Science Sunday: Go to the Computer!
Today in news that makes me happy, a computer named Crazy Stone is playing Go so well it can defeat the Japanese Go champion! This is probably the sexiest supercomputer since Watson. Though I don’t quite get the way the article is framed, that is, as a competition between machines and humans, since humans built machines. If we lose to them, it demonstrates how good we are building them and solving interesting problems with them. So a loss to one of our own machines still makes us really awesome. It also raises the question of if we can invent a game so difficult that we ourselves cannot build a machine to beat ourselves at it.
Algorithmically, the reason this is interesting is because this is not a repeat of IBM’s chess playing supercomputer Deep Blue. Deep Blue was running some form of minimax algorithm. Minimax is a deterministic strategy to find an optimal strategy. It is trivially demonstrable with Tic Tac Toe. At each point in game play, the computer generates all possible future game points in a tree until it has reached an end game state. At that point, the computer just marks the game as won, lost or drawn, and can then search the tree to find a path that leads to a winning (or draw) state.
The reason IBM needed a supercomputer to do this for chess is because the game tree for minimax has a factorial expansion. Since Tic Tac Toe has 9 squares and there are 9 possible first moves, the game tree size is 9!. This is sufficiently big that when I was doing this as an undergrad exercise on a cheap laptop, I had to hardcode in opening moves so that my machine only had to generate a tree of size 8!. Chess has 64 squares. While there are, I think, “only” 20 possible first moves in chess, that means the tree expansion for minimax is 20!, which is a very large number of things for a computer to be able to calculate in any reasonable amount of time, and Deep Blue was actually not even generating the full tree, it was using a heuristic to determine whether non-final game states were good, for a certain value of good.
Note that it is very difficult to translate a human’s sense of what moves are “good” into unambiguous instructions for a computer.
Getting back to Go, there are two reasons that just running minimax isn’t going to work. Most importantly, it’s not a solved game, meaning we can’t necessarily predict the outcome from any particular intermediate state.

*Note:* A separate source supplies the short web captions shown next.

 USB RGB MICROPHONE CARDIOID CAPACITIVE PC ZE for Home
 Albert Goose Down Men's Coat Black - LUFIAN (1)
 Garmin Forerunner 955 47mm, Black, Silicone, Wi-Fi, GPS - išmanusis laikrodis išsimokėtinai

I can’t explain why without a more thorough knowledge of Go than what I’ve gleaned from watching Hikaru no Go.
So instead of some deterministic method like Minimax, Crazy Stone is investing in randomness by running a Monte Carlo algorithm. This is almost like minimax, but instead of generating a tree with all possible game states, it generates a tree with some (randomly selected) game states. However, unlike Deep Blue, Crazy Stone must keep generating intermediate game states until it reaches an end state, because there is no known accurate heuristic to determine if an intermediate game state is good or not.

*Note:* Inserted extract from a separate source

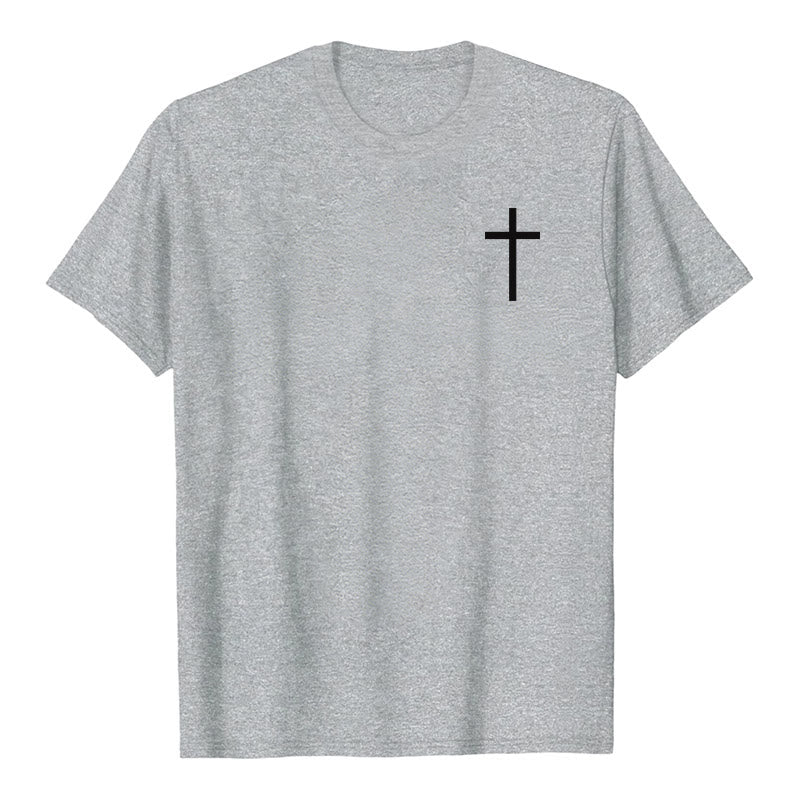 Christianartworkshop John 3:16 For God So Loved The World Front Chest Cross Back Scripture Premium Short Sleeve T-Shirt - image 4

Interestingly enough, such a Monte Carlo algorithm, though relying on randomness, will eventually converge to a minimax algorithm. The sticking point is that it may do so only after a huge amount of time. Particularly in Go, since a Go board has 361 possible positions on which to place a stone at the beginning of the game. That means a full minimax tree would have 361! nodes. The thought of trying to calculate 361! anything fills me with a terrible sense of futility.
Currently, Crazy Stone is only winning with a handicap, and then not by very much, but it does demonstrate that randomness is a way to avoid certain computational difficulties with very large numbers. Onward, Crazy Stone! Demonstrate the amazingness of human computational ingenuity!